I am using the SDK version 10.4 and cannot get OCR to work with pages or PDF files. The documents are already created and have pages/PDFs assigned to them.
I run the following code against a valid page with text:
try { OcrEngine ocr = OcrEngine.LoadEngine(); ocr.Run(lfDocNew, new PageSet(pageNum.ToString())); } catch (Exception ex) { result.ErrorMessage = "OCR Error on page " + pageNum + ": " + ex.Message; }
And get this error thrown:
Error:
"Interface not registered"
Stack Trace:
at BPIClientLib.IBPProcessEx.Process(IBPPageEx pUnkPage)
at Laserfiche.DocumentServices.OcrEngine.ProcessImage(String imagePath, DocumentInfo document, PageInfo page)
at Laserfiche.DocumentServices.OcrEngine.ProcessPage(DocumentInfo document, PageInfo page)
at Laserfiche.DocumentServices.OcrEngine.Run(DocumentInfo document, PageSet pages)
at mviLFPost.LFRAPostEngine.AssignPages(LFDocumentInfo DocInfo, DocumentInfo lfDocNew, DocumentImporter importer, PostResult& result) in C:\vs\mvidev\mvi\Dev\Laserfiche Integration\SVR\mviLFPost\mviLFPost\LFRAPostEngine.cs:line 1381
When I run the following code with a PDF electronic document, it does not extract text nor does it throw any error.

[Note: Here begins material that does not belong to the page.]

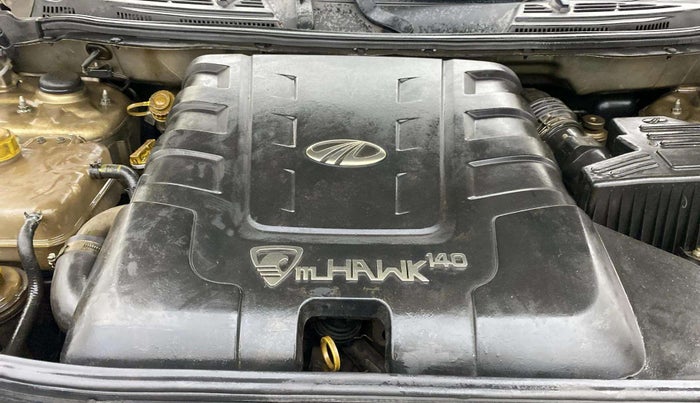 2015 Mahindra XUV500 W10, Diesel, Manual, 97,303 km, Engine View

try { using (TextExtractor te = TextExtractor.LoadExtractor()) { te.ExtractFrom(lfDoc); } } catch (Exception ex) { result.ErrorMessage = "Error extracting text for electronic document: " + ex.Message; // Don't fail on entire import if text is not extracted. }
Am I missing a required component to run OCR when importing with the 10.4 SDK? Relying on Workflow after the fact really slows down the server when importing many documents.